The GCA variance was several times higher than SCA’s (GCA/SCA = 7.8), clearly indicating that additive gene actions are more important than non-additive ones. Moreover, the ANOVA for yield per plant carried out in each environment always showed significant differences at the entries and the GCA sources (
Table 3), while SCA was significant only in 2015 and in Latina 2016. GCA values of PI414723 and PI161375 were the highest (
Table 4), contributing with values up to 4.056 and 3.161 Kg plant
-1, respectively. In fact, the highest ranking hybrids (LsM) were those having them as parents in combination with Ita1, Ogen, and Magyar Kincs and between themselves (
Table 5). On the other hand, Vedrantais, Top Mark, and Ita1 had the lowest GCAs; the crosses Ita1 × Top Mark in Perugia 2015 and Latina 2016 ranked at the bottom of the list, but the worst performances across the three environments were recorded by Ita1 × Top Mark and Vedrantais × Ita1. Ogen × Magyar Kincs ranked almost at the bottom in both years in Latina. It is evident that parents from the same or from a close genetic cluster (
Table 1) gave rise to low performing hybrids in terms of SCA as well. In fact, SCA values of crosses whose parents were PI414723 or PI161375 were most often the highest, but PI414723 × PI161375 ranked last in Perugia 2015 and midway in Latina 2015 and 2016, most probably due to similar genetic assets. Despite this, the genetic distances were not correlated with LsM and SCA effects (data not shown).
Orthogonal comparisons between hybrids and parents for yield per plant were highly significant in all environments (
Table S1) and, according to Olfati et al. [
21], the significant differences indicate the presence of average heterosis or MPH. The best parent heterosis for yield was positive in 19, 23, and 27 hybrids out of 28 in Latina 2015, Perugia 2015, and Latina 2016, respectively (
Table 5). In particular, the maximum BPH value (94.66) was recorded by the hybrid Top Mark × PI161375 in Perugia 2015, thus confirming its highest SCA value. In general, while in Latina PI414723 was the best contributing parent in terms of heterosis, in Perugia, the most interesting lines were PI161375 and Hale’s Best Jumbo. Therefore, on the basis of LsM, it can be stated that, in Latina, PI414723 performed the best in crossing with Vedrantais, Ita1, Ogen, and Magyar Kincs, while in Perugia it was PI161375 performing the best with Ogen, Top Mark, and Hale’s Best Jumbo.
Apart from the value 0.18 found in Latina 2015 (not reliable because the GCA variance was not significant), the narrow sense heritability estimates for yield per plant (
Table 6) ranged from 0.51 (Latina 2014 and Perugia 2015) to 0.77 (Perugia 2014).

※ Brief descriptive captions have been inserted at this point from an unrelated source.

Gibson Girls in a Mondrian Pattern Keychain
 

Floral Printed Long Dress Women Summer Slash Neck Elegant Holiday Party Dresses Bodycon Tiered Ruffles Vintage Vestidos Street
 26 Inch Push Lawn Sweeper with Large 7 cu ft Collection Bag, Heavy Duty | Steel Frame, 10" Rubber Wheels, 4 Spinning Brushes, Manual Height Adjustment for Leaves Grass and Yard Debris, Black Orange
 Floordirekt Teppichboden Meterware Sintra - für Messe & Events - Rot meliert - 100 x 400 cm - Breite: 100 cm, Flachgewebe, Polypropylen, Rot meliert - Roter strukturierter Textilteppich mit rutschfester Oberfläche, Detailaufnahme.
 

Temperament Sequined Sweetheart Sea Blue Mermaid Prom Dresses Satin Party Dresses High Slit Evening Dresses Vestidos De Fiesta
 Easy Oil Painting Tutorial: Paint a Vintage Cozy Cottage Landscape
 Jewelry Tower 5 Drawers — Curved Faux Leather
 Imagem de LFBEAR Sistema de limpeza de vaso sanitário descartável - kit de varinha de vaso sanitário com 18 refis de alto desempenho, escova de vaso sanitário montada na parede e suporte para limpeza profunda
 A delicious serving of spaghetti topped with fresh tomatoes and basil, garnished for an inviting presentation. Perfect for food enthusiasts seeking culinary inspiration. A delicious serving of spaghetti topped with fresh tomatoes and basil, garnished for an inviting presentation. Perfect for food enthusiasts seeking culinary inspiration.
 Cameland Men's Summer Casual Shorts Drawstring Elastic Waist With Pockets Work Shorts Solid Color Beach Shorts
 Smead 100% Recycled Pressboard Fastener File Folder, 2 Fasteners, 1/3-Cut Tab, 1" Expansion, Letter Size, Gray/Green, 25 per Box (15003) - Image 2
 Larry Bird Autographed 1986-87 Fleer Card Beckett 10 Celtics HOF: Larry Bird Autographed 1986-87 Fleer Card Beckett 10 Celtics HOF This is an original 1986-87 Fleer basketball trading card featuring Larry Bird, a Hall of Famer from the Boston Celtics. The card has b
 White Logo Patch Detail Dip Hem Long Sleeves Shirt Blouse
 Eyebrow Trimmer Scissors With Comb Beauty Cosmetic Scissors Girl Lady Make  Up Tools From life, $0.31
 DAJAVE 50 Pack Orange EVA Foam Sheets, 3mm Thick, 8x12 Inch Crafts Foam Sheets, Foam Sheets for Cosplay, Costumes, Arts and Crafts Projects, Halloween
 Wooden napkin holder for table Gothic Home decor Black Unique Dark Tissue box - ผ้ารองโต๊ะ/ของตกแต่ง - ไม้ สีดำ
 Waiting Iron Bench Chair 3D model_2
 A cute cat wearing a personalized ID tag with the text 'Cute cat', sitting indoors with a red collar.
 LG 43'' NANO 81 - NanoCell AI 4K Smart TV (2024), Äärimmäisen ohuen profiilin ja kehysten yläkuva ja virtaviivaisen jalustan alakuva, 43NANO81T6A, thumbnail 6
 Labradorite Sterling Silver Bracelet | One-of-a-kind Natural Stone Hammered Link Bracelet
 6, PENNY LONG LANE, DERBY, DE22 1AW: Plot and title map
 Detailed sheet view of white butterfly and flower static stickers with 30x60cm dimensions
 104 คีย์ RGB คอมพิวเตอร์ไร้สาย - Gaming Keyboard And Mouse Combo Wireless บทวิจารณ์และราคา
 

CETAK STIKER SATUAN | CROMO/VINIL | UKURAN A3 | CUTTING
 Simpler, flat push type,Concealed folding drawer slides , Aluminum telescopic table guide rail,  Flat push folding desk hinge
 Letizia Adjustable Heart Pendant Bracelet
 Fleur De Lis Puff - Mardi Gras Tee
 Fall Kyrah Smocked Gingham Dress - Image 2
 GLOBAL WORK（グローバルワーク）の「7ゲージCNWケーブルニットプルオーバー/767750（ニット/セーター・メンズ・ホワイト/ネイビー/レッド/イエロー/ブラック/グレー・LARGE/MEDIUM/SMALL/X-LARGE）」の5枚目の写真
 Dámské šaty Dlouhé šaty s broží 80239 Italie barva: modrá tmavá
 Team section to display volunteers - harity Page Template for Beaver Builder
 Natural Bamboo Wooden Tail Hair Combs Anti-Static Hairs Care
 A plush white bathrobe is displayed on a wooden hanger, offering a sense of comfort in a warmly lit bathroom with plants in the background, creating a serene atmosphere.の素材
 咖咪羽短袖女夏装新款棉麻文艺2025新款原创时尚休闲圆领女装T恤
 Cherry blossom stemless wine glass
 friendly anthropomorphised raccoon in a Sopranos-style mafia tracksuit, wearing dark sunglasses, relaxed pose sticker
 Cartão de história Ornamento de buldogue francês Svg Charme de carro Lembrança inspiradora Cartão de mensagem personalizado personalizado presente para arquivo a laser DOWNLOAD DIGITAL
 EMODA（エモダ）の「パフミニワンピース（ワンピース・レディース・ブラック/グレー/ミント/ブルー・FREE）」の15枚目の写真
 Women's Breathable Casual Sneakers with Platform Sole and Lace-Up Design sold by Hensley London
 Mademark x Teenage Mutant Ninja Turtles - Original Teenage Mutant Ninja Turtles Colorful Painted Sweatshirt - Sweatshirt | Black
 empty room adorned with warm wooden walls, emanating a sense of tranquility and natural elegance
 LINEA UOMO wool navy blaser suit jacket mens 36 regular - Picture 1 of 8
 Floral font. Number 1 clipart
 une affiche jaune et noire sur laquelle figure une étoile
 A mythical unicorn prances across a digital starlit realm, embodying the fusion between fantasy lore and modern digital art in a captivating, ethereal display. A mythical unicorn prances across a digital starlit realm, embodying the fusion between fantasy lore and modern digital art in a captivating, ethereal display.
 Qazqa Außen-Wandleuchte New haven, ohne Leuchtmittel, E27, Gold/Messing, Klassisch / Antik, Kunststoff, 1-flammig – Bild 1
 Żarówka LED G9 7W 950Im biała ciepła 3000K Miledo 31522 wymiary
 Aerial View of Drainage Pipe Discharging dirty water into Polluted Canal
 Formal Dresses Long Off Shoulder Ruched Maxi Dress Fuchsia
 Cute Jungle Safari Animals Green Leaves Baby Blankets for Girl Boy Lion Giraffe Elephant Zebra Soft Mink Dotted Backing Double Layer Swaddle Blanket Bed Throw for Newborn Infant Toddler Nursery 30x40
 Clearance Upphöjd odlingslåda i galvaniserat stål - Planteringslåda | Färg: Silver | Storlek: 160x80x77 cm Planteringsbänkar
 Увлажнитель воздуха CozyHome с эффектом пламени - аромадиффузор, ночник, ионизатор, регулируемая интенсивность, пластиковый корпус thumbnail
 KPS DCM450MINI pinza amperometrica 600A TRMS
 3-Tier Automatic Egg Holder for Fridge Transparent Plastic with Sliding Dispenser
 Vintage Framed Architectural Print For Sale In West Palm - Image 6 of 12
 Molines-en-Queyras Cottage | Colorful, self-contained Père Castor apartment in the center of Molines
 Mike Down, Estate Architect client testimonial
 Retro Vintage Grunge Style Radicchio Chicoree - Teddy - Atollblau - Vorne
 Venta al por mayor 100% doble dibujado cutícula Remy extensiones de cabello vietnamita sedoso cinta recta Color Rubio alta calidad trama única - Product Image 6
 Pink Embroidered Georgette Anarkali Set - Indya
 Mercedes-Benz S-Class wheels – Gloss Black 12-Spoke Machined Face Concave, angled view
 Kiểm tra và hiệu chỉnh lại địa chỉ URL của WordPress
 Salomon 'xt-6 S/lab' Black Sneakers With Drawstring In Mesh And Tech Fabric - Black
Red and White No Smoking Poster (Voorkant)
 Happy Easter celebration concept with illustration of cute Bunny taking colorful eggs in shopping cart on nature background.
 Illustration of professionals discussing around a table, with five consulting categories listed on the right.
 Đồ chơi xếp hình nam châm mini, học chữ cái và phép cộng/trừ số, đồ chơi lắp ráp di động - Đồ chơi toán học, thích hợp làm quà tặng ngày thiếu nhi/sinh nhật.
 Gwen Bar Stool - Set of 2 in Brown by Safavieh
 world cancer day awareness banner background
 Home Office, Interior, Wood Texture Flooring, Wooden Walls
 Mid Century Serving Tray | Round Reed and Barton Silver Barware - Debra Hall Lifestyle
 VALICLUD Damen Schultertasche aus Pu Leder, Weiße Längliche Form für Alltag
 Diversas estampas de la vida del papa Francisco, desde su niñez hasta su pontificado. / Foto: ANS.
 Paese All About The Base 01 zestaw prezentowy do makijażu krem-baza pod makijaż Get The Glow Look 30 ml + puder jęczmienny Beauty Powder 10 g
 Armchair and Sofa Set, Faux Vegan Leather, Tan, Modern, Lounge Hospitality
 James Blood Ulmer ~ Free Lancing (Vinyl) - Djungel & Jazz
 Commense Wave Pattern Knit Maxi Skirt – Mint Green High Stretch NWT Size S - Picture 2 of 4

These values are in agreement with those reported by Feyzan [
22], Zalapa et al. [
23,
24], and Kalb and Davis [
25]. Although traits such as yield are generally strongly polygenic, the heritability estimates from the present experiment indicate that it is possible to achieve good selection gains. At the same time, since genetic distance was not even correlated with BPH and MPH, it is difficult to predict the yield of a hybrid only by this kind of genomic tool, as reported also by Kaushik et al. [
26].
GGE biplot was used to validate the results of Griffing’s method four, as it is able to display graphically and simultaneously the GCA values of all parents and their best combinations (SCA values). The method is similar to the GGE biplot used in multi-environment trials data analysis. In Latina 2015 (
Figure 1c), the GCA ranking was PI161375 > PI414723 > Ita1 ≈ Magyar Kincs ≈ Hale’s Best Jumbo ≈ Top Mark > Vedrantais ≈ Ogen; this is in accordance with the Griffing’s GCA ranking reported in
Table 4, except for Ogen ranking fifth rather than last. PI414723 showed the best SCA values with the testers Ogen, Vedrantais, Ita1, and PI161375 but the lowest with Top Mark and PI414723; the opposite was true for PI161375. Comparing these results with those reported in
Table 4, we found again a close agreement. Confining the comments only to the results where the SCAs were significant (Latina and Perugia in 2015 and Latina in 2016, in
Figure 1c–e, respectively), it is clear that Vedrantais and PI161375 were always on the same average tester coordinates (ATC) side, while Top Mark and PI414723 were on the opposite side.
The polygon view (
Figure 2) was obtained by joining the vertex of the entries whose coordinates were furthest from the plot origin (black lines) and dividing the polygon into sectors (red lines). It is possible to spot the best hybrid LsM by identifying the testers falling in the same sector where the entry is at the vertex. If a tester falls into the sector of its own entry, selfing is superior to crossing, and heterosis is low or nil. This was reported by Dehghani et al. [
10] in a diallel scheme using Iranian landraces, but we did not find a similar pattern in any environment of our investigation because selfed parents always fell into opposite sectors.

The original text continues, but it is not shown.